→ **COLLECTED MATERIAL**
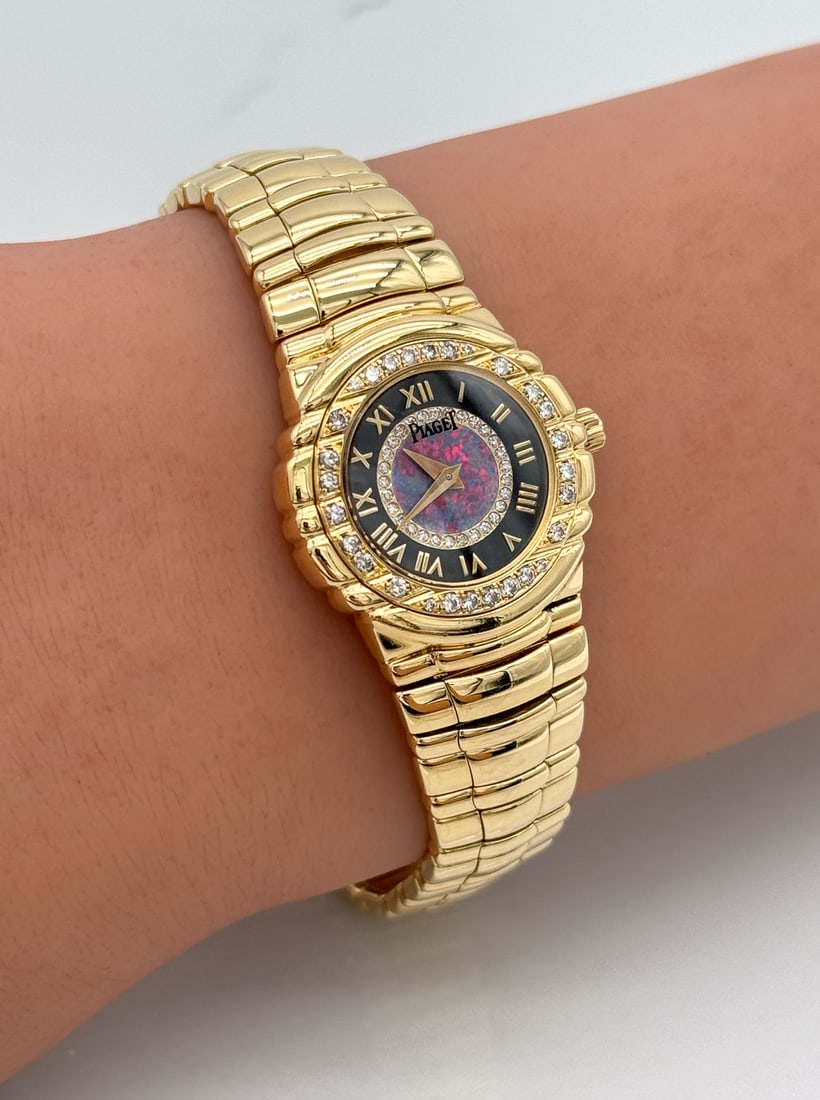 Piaget Tanagra 18k Yellow Gold Ladies Wristwatch (1 of 3)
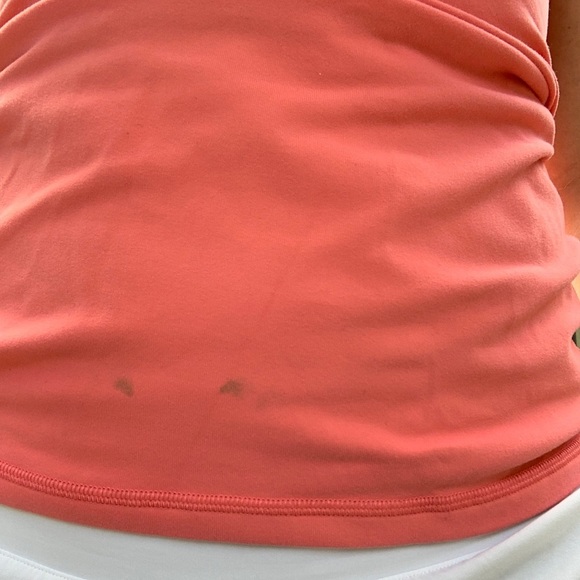 Lululemon power y tank size 6 coral - Picture 4 of 5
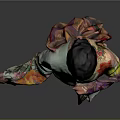 Traditional Japanese Kimono With Colorful Floral Pattern And Elegant Design For Daily Use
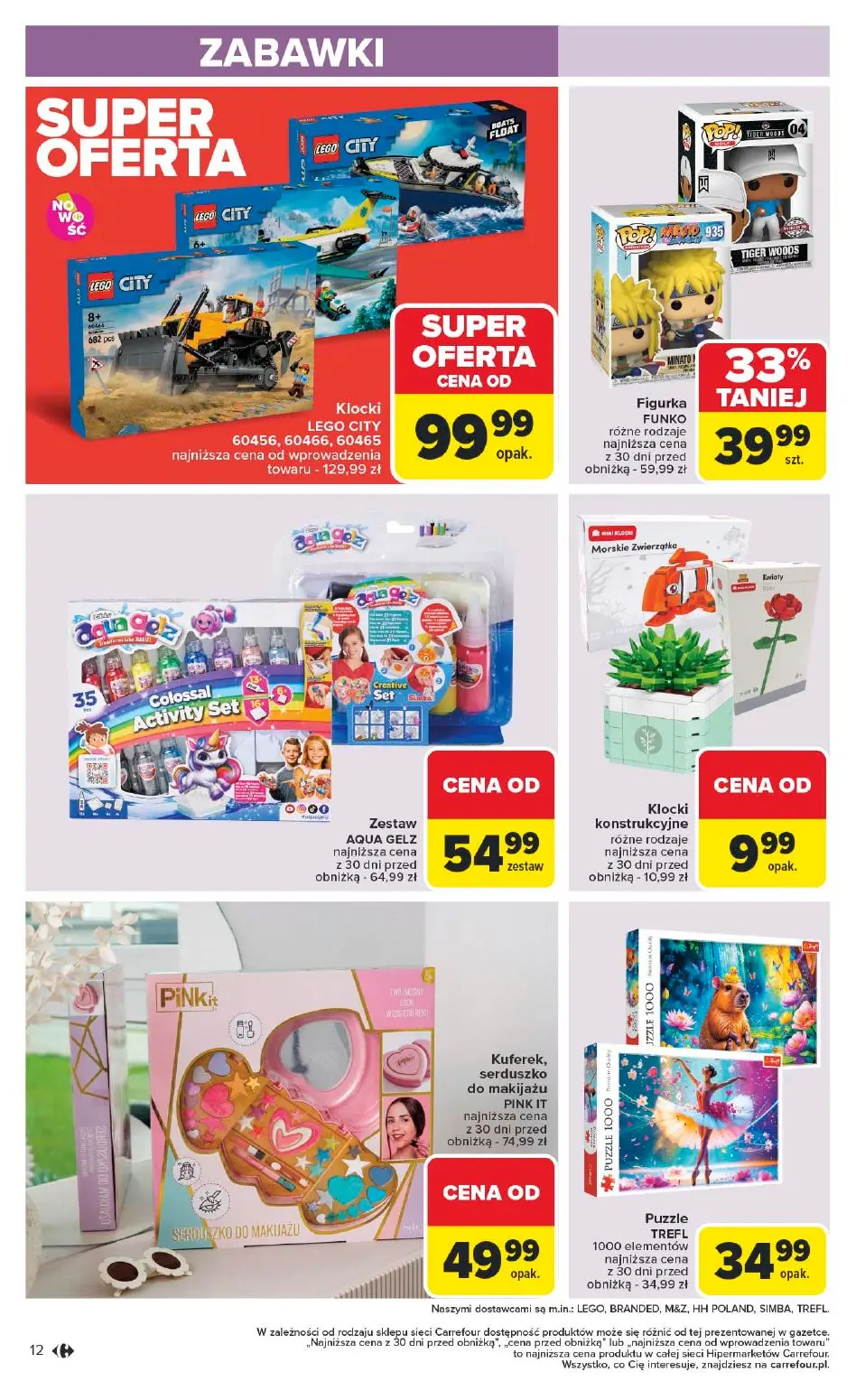 gazetka promocyjna Carrefour Łap okazje! - Strona 12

→ **REQUIRED ACTION**
Could you give again precisely the lines from the one containing "Lululemon power y" through the final line of the material above, both included, and no others, dropping the pictures?

→ **ANSWER BOX**
 Lululemon power y tank size 6 coral - Picture 4 of 5
 Traditional Japanese Kimono With Colorful Floral Pattern And Elegant Design For Daily Use
 gazetka promocyjna Carrefour Łap okazje! - Strona 12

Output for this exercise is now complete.